UK plug-in car grant extended for existing orders
The Plug-in Car Grant (PiCG) was axed back in June 2022, but will now apply to existing orders processed before 31 March 2023
The UK government has temporarily reintroduced the Plug-in Car Grant (PiCG) due to the continuing delays in manufacturing supply chains, including the conflict in Ukraine and the global semiconductor shortage.
The grant will be applied to all existing electric car orders placed between June 2022, when the grant was discontinued, and 31 March 2023, with the same terms as before: £1,500 off the list-price of any electric car costing £32,000 or less. This means only the cheapest electric cars on sale will be eligible for the grant.

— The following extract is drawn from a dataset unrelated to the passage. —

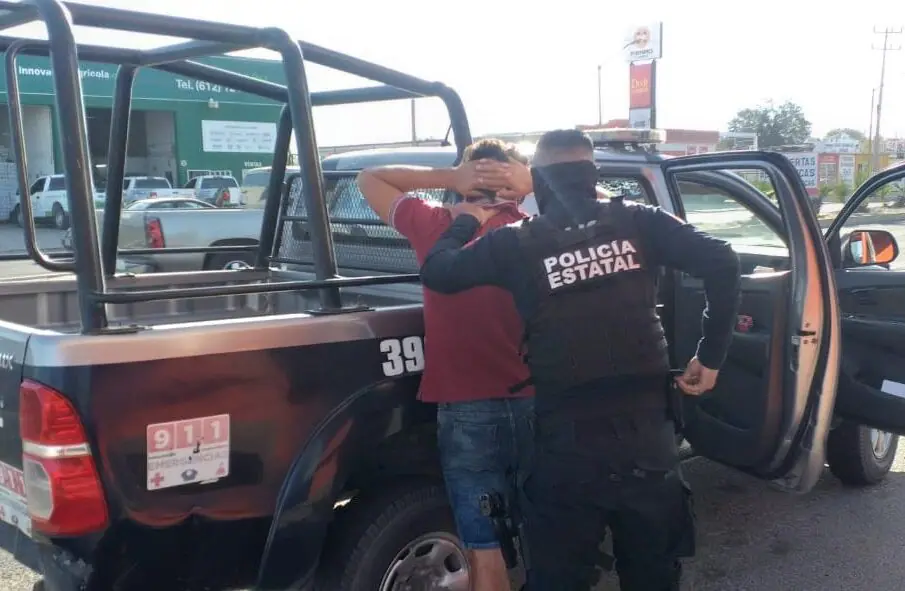 Policía deteniendo a hombre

A Department of Transportation (DfT) spokesperson confirmed the 18-month extension of the grant to DrivingElectric, adding: “we will continue to work with industry and monitor issues impacting the supply chain issues.”
Importantly, the grant does not apply to new orders, only to those that have been placed but not fulfilled, due to ongoing delays. The DfT said: "To emphasise, this extension does not relate to the consumer window for applying, but for the window industry has for fulfilling orders made through the scheme."
Before it was stopped, the PiCG supported the purchase of roughly 500,000 new electric cars in the UK. Having paid out a total of £1.4 billion in plug-in grants between 2011 and mid-2022, at the time it was withdrawn the government said it was refocusing funding towards the installation of more charging points across the UK and boosting sales of other types of electrified vehicles, such as vans, trucks, taxis, motorcycles and wheelchair accessible vehicles.
Defending its decision to end the grant, the government said that: “successive reductions in the size of the grant and the number of models it covers have had little effect on rapidly accelerating sales or on the continuously growing range of models being manufactured.”
Mike Hawes, chief executive of industry body the Society of Motor Manufacturers and Traders (SMMT), was critical of the decision: “The decision to scrap the grant sends the wrong message to motorists and to an industry which remains committed to the government’s Net Zero ambition.”
“While we welcome the continued support for new electric van, taxi and adapted-vehicle buyers, we are now the only major European market to have zero up-front purchase incentives for EV buyers, yet the most ambitious plans for uptake. With the sector not yet in recovery and all manufacturers about to be mandated to sell significantly more EVs than current demand indicates, this decision comes at the worst possible time.”
Other UK government incentives for potential electric-car buyers, such as the 2% Benefit-in-Kind (BiK) company-car tax and zero road tax for all EVs, remain in place.